Table 1. Hyperparameter setting for training DINO to detect airplane target

OGCSBN_2024_v40n2_167_4_t0001.png 이미지

ReLU: Rectified Linear Unit.

In order to evaluate the DINO model, the training and testing datasets were randomly split into an 8:2 ratio, on which training and performance evaluation were respectively conducted. The training and testing of large scene images were performed based on the PyTorch framework, using two GeForce RTX3090 GPUs.

2.3. Sub-Aperture SAR Imaging for Moving Target Identification

Sub-aperture SAR images were generated to identify moving targets based on the Doppler centroid frequency shift. The spotlight SAR imaging mode used in the study significantly increases the virtual antenna length synthesized through beam steering to enhance resolution, consequently elevating the Doppler frequency bandwidth compared to other SAR satellite imaging modes (Ouchi, 2010). If the SAR image was generated by utilizing only a portion of the Doppler frequency, the same effect can be achieved as if the SAR antenna acquired the SAR image with a squint angle (Fig. 4).

OGCSBN_2024_v40n2_167_5_f0001.png 이미지

Fig. 4. Illustrated process of sub-aperture SAR image.

The spotlight mode possessed a longer coherent integration time compared to other imaging modes, which allowed the simulation of sub-aperture SAR images with higher squint angles.

First, to create sub-aperture images, this study defined a window function as shown in Eq. (1). Eq. (1) denotes a Kaiser window, where M denotes the size of the window to be created, n is an index of frequency and the parameter β determines the shape of the frequencies passed through the window. A window was created size as (Ra×r ); a is the azimuth length of image and r is the range direction length. The relevant frequency of SLC image was multiplied with the window after transforming into the frequency domain. Then, by performing inverse-fast Fourier transform (IFFT), positive and negative Doppler frequency sub-aperture SAR images can be acquired.

\(\begin{align}\omega(n)=I_{0}\left(\beta \sqrt{\frac{4 n^{2}}{(M-1)^{2}}}\right) / I_{0}(\beta)\end{align}\)       (1)

Target velocity-induced phase distortion in sub-aperture SAR images can be observed through the relationship between the Doppler centroid frequency and squint angle. The SAR image was subject to squint angle when only a portion of the Doppler frequency bin was exploited.
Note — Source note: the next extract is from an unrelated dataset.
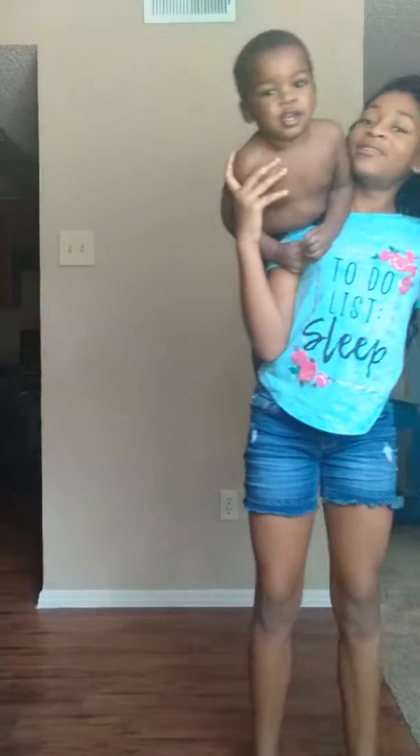This is Malik. Say hey, Malik. Malik, say hey. Say hey. Hey, hey, hey, hey.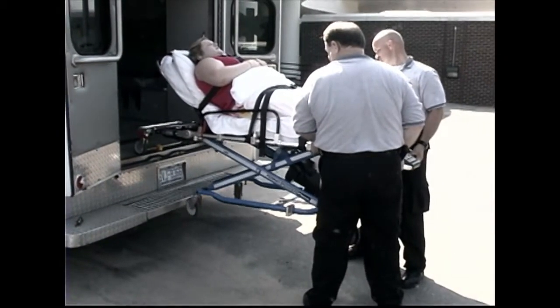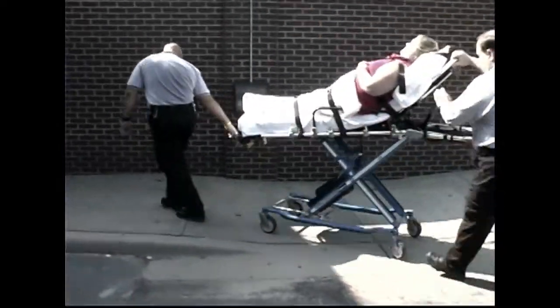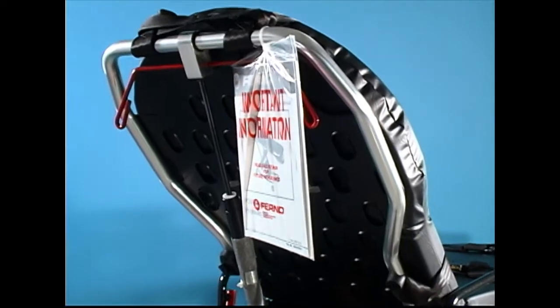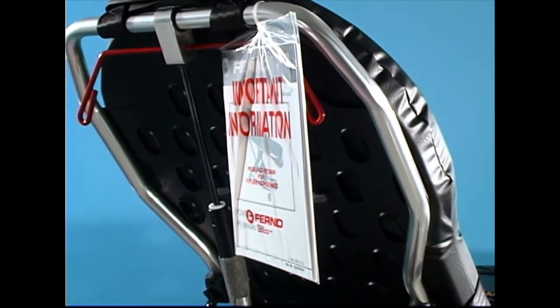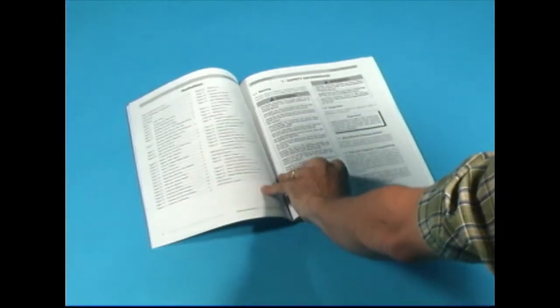Getting started is easy. This video provides a quick start guide for your new PowerFlex powered cot. Please refer to the manual included with your new PowerFlex for detailed guidelines and usage instructions. Also, refer to the manual for guidelines on the proper care and maintenance of your PowerFlex.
In Eq. (2), η denotes azimuth time, fη represents the Doppler frequency, ν denotes the velocity component of the target scatterer, λ stands for the wavelength, and θs signifies the squint angle for the scatterer.

\(\begin{align}f_{\eta}=\frac{2 v \sin \theta_{s}(\eta)}{\lambda}\end{align}\)       (2)

When a target with range velocity was imaged under different squint angles, its range velocity projection was modified, producing the azimuth bin shift of the target position (Davidson and Cumming, 1997). Although the size of the images remained the same, the target position was modified when visualized on individual bands as shown in Fig. 5 (Greidanus, 2006).

OGCSBN_2024_v40n2_167_5_f0002.png 이미지

Fig. 5. Sub-aperture SAR images. (a), (d) positive Doppler frequency SAR image. (b), (e) negative Doppler frequency SAR image. (c), (f) result after merging each sub-aperture SAR image to the band.

Cosine similarity was utilized for quantitative assessment of the difference exhibited in sub-aperture images. The cosine similarity estimated correlation between two vectors with the cosine of the angle, allowing for quantitative evaluation of the positional changes in aircraft due to Doppler centroid frequency variations. Hence, in this study, the cosine similarity between two sub-aperture images was calculated according to Eq. 3, using the bounding boxes of the target obtained through preprocessed K5 data. It measured the morphological differences between sub-aperture images.

\(\begin{align}\operatorname{Cos}(\theta)=\frac{X \cdot Y}{\|X\|\|Y\|}\end{align}\)       (3)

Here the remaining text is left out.